Le procès l’assassinat de l’ex-président burkinabè Thomas Sankara et de ses douze compagnons a repris, ce mardi 22 mars 2022, après une vingtaine de jours de suspension. Au cours de l’audience de ce jour, les avocats de la défense ont relevé le « manque de preuve matérielle » dans ce jugement. Les conseils des accusés qui ont commencé les plaidoiries suivront un ordre de passage établi, communiqué à toutes les parties au procès.
Après avoir été suspendu le 3 mars 2022, à la suite des recours en inconstitutionnalité de certains avocats de la défense, le jugement a repris ce mardi 22 mars, quatre jours après la décision du Conseil constitutionnel qui a rejeté leurs requêtes jugées « mal fondées ».
Le premier à prendre la parole, est Me Mathieu Somé qui a campé le décor de ce qui sera la posture de la défense au cours de ses plaidoiries. Il a d’abord rendu hommage au défunt président Thomas Sankara et toutes les victimes du coup d’Etat du 15 octobre 1987 avant de faire son exposé.
Me Somé a rappelé le contexte dans lequel la partie poursuivante a monté le dossier et le judiciarisé. Vu les péripéties de la procédure du dossier qui a connu plusieurs blocages, faisant que l’affaire dure 34 ans maintenant, il s’est appesanti sur la prescription de l’action publique. Il a évoqué ainsi l’effritement des éléments de preuve dans ce jugement emblématique.

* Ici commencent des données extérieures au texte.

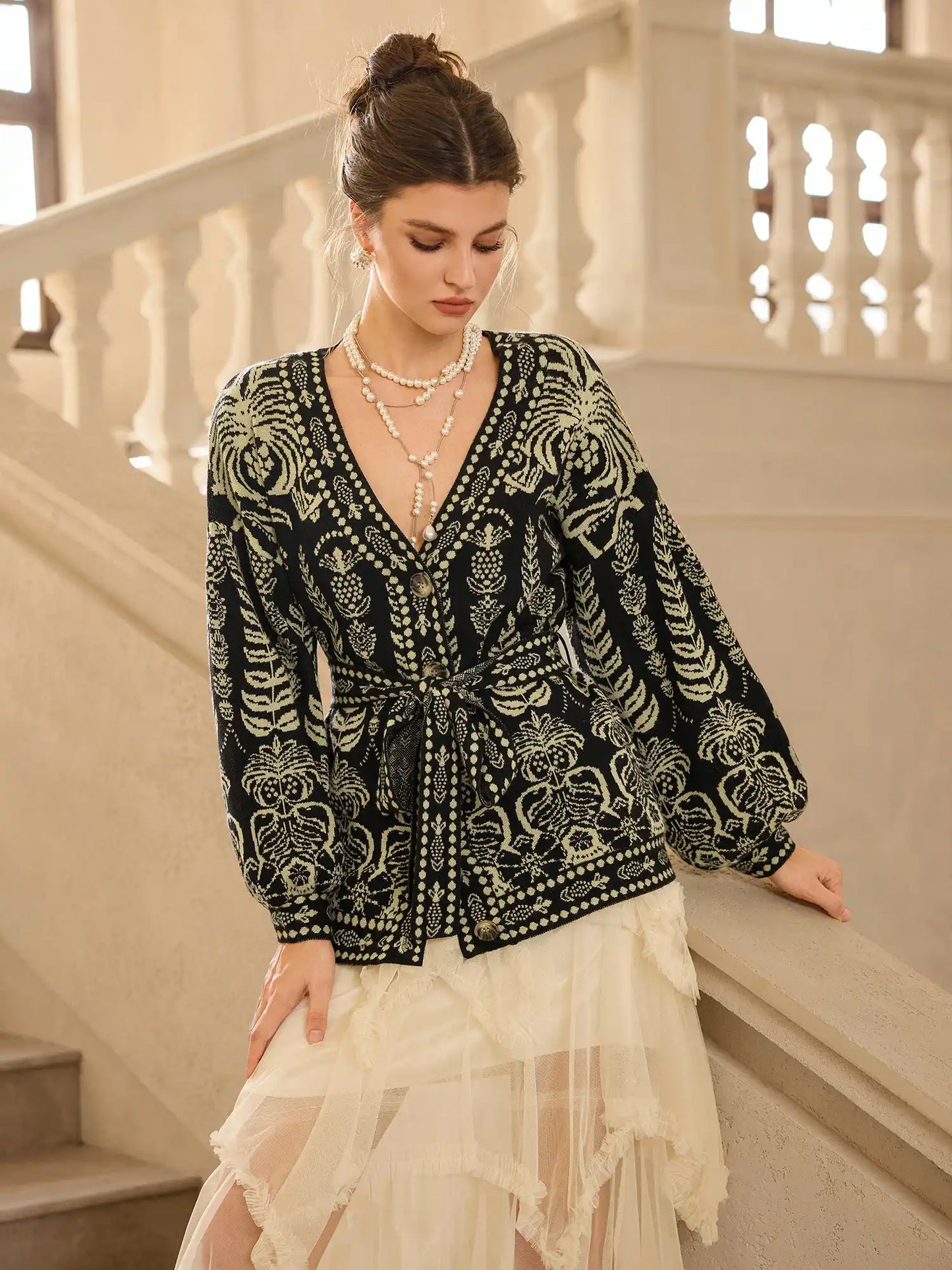 Bohemian Floral Print Tie Top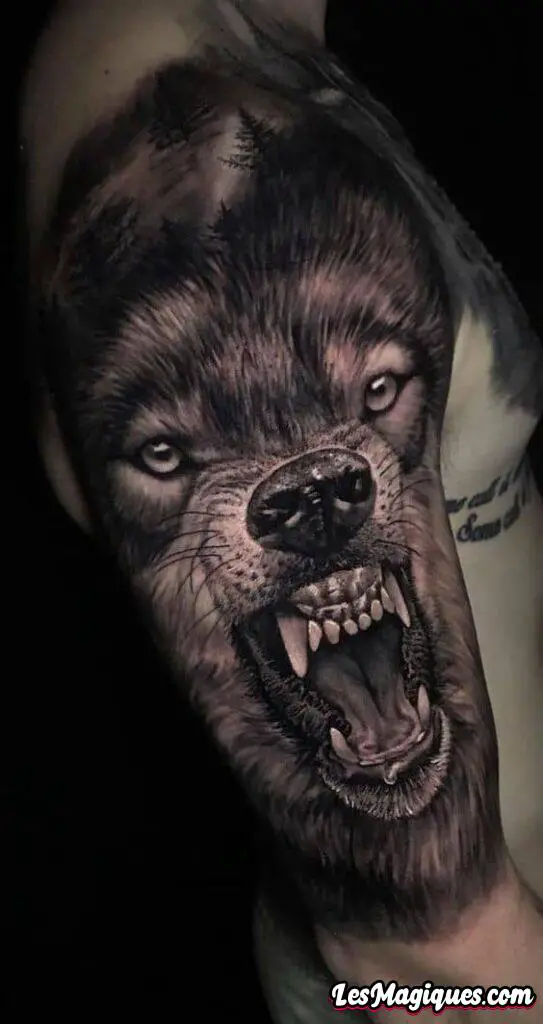 Tatouage de loup noir et gris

Pour lui, cela fait que si le tribunal militaire n’y prenne garde, le procès peut déboucher sur de « grosses erreurs ». A suivre cet avocat qui défend l’accusé Diendéré Gilbert, selon la loi nationale et internationale, cette affaire devait faire partie des « crimes prescriptibles » dont la durée maximale est de dix ans.
A sa suite, c’est son confrère cadet, Me Abdoul Latif Dabo qui a pris la parole pour examiner la question de l’intime conviction jugée très importante pour des jugements de ce genre. Mais avant, il a fait un développement pour montrer la tâche difficile qui est la leur dans un tel dossier où l’opinion a déjà sa vérité et fait sa justice.
« Les erreurs judiciaires proviennent en grande partie des témoignages », a déclaré en guise de prévention, Me Dabo, qui en a cité quelques exemples pour tenter d’édifier le tribunal et l’assistance. Pour connaître les bons ou faux témoignages, Me Dabo a préconisé de prendre en compte deux facteurs à savoir, « l’objet du témoignage et les aptitudes du témoin » parce que pour lui, « le plus grand nombre des témoignages n’est pas synonyme de vrais ou bons témoignages ». Il a fait noter que « les témoins se fient souvent aux représentations qu’ils ont déjà en tête ».
Le troisième avocat à plaider est Me Issiaka Ouattara, défenseur de l’accusé Alidou Diébré, poursuivi pour faux et faux en écriture. Il s’est appesanti sur la prescription de l’action publique et la matérialité des faits reprochés à son client pour démontrer son innocence dans cette affaire. Dans sa logique, à l’espèce, les faits reprochés à son client est « un délit et non un crime ».
Les Conseils de l’accusé Amado Kafando que sont Me Moumouny Kopiho et Me Aliou Diakité, ont, au cours de leurs plaidoiries, regretté le maintien de leur client dans cette affaire dans laquelle le ministère public a reconnu sa non implication dans le coup de force du 15 octobre 1987 et a requis l’acquittement à son égard.
Pour eux, « la respectabilité et l’honorabilité » de leur client a pris un coup car pour l’opinion, rien qu’à entendre le nom d’une personne citée dans cette affaire équivaut à sa culpabilité. C’est pourquoi, ils ont demandé au président du tribunal militaire de déclarer « acquitté » leur client qui « a subi beaucoup de préjudices morales ».
Quant à Me Mamadou Coulibaly qui défend l’accusé Belemlilga Albert Pascal, il a relevé qu' »aucun témoin ou co-accusé n’a remis en cause les déclarations » de son client qui les a « répétées trois fois » dans ce dossier. Me Coulibaly a démontré dans un rappel chronologique, des déclarations et témoignages que son client n’est pas coupable dans cette affaire. Il a été demandé qu’il plaise au tribunal de suivre la voie du parquet qui a requis l’acquittement contre Albert Pascal Belemlilga.